[Captioned web image data]
- - - -

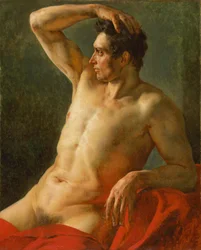 Männlicher Torso im Profil, rechter Arm erhoben, 1812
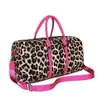 Fashion Leopard Print Women Duffle Bag Cheetah Animal Pattern Travel Handbag For Lady Girl Shoulder With Pink Handle Duffel Bags6182758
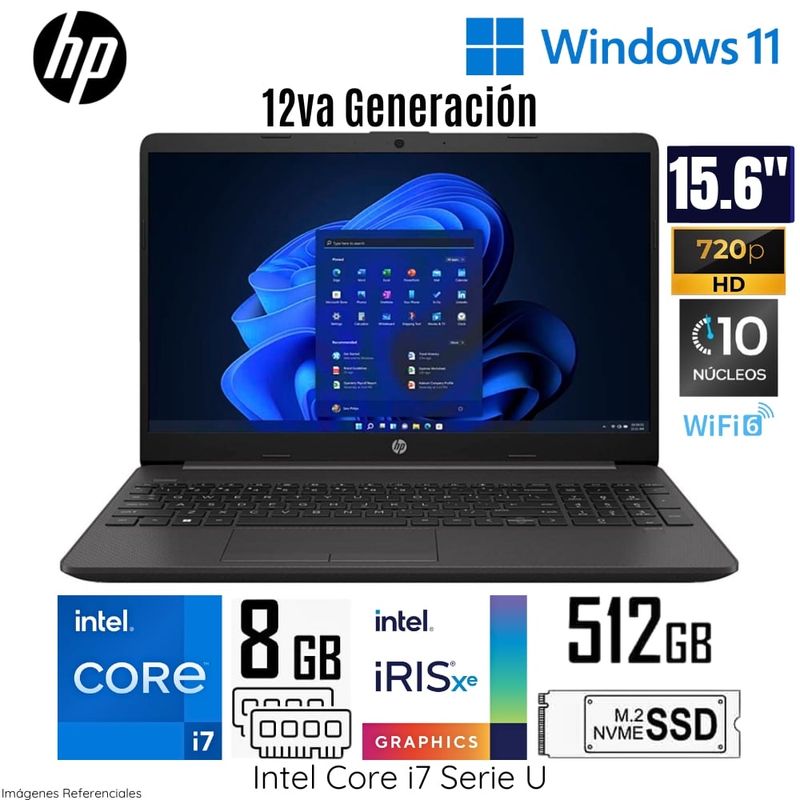 HP - Laptop HP 250 G9 Intel Core i7 1255U 8GB RAM 512GB SSD 15.6” HD - 7C6J6LA
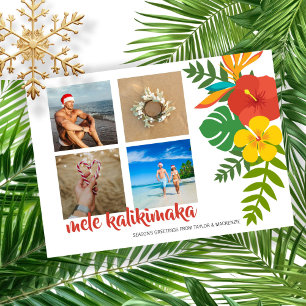 Photo Mele Kalikimaka Flower Personlig Julkort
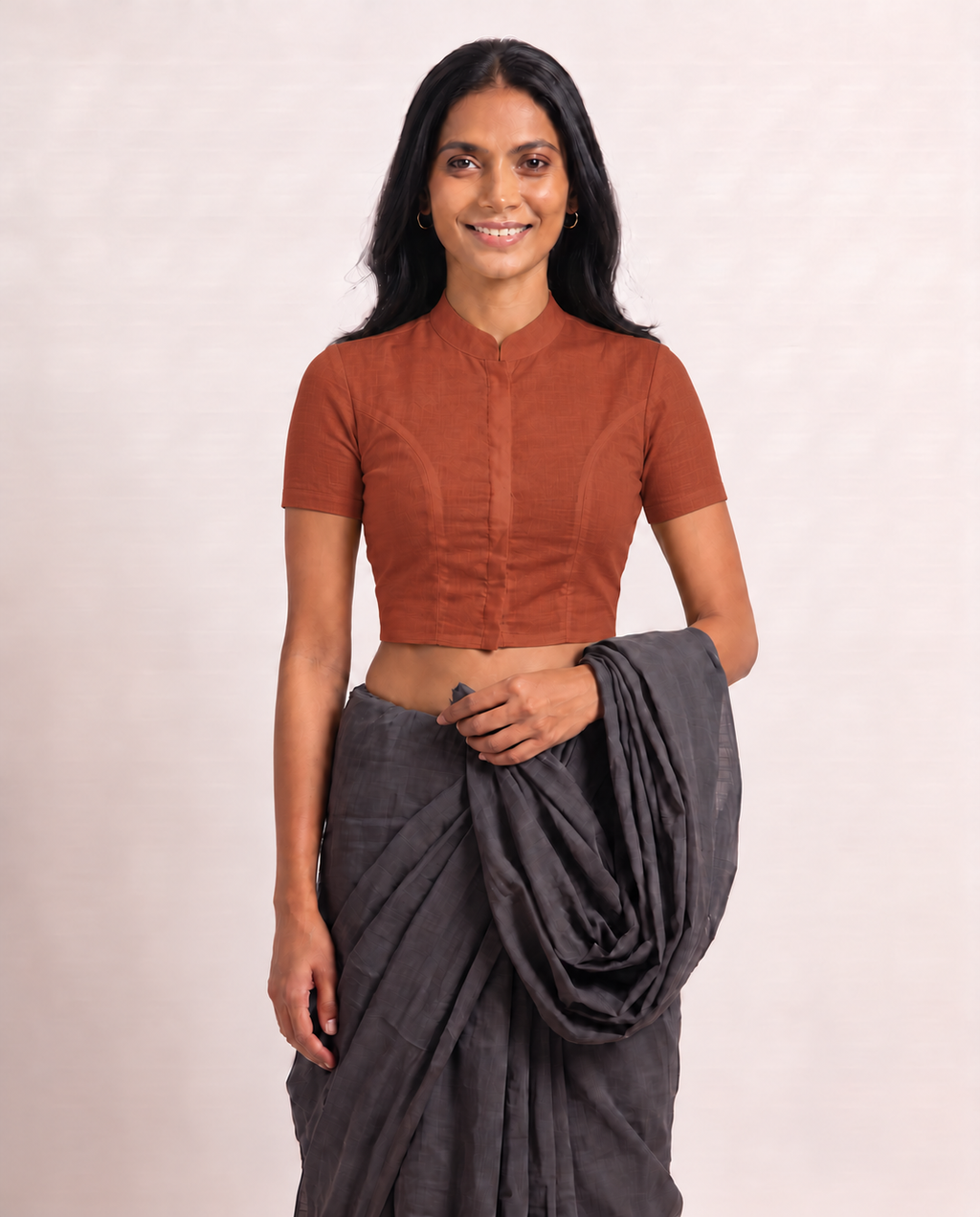 Terracotta Short Sleeve Front Open Classic Blouse - 4.png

- - - -

#### EXERCISE DETAILS:
Take the lines above starting at the one containing "Fashion Leopard Print" and ending at the one containing "Photo Mele Kalikimaka", and print them again exactly, without pictures.

#### ANSWER TO THIS TASK:
 Fashion Leopard Print Women Duffle Bag Cheetah Animal Pattern Travel Handbag For Lady Girl Shoulder With Pink Handle Duffel Bags6182758
 HP - Laptop HP 250 G9 Intel Core i7 1255U 8GB RAM 512GB SSD 15.6” HD - 7C6J6LA
 Photo Mele Kalikimaka Flower Personlig Julkort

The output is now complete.